Assignment -> All lines from the one with "1 Inch Aluminum" to the end of the data: return those exactly, and only those.
* * * * *
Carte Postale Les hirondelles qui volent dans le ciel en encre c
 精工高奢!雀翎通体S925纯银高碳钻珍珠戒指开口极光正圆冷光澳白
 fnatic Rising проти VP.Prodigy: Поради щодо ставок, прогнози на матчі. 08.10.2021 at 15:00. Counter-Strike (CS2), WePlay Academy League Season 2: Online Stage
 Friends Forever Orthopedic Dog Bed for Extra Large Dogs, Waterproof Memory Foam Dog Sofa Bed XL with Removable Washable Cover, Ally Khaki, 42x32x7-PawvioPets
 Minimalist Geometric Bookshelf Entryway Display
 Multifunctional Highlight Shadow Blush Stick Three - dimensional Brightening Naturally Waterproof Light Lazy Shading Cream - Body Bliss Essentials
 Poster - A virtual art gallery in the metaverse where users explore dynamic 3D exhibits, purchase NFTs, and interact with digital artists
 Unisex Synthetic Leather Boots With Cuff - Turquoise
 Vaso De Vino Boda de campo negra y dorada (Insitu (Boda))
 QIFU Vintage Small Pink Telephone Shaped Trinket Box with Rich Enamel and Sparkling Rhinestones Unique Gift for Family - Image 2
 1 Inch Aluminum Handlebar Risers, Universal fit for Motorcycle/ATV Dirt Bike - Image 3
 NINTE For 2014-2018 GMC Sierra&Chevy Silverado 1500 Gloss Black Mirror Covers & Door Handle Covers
* * * * *
Answer to this task ->
 1 Inch Aluminum Handlebar Risers, Universal fit for Motorcycle/ATV Dirt Bike - Image 3
 NINTE For 2014-2018 GMC Sierra&Chevy Silverado 1500 Gloss Black Mirror Covers & Door Handle Covers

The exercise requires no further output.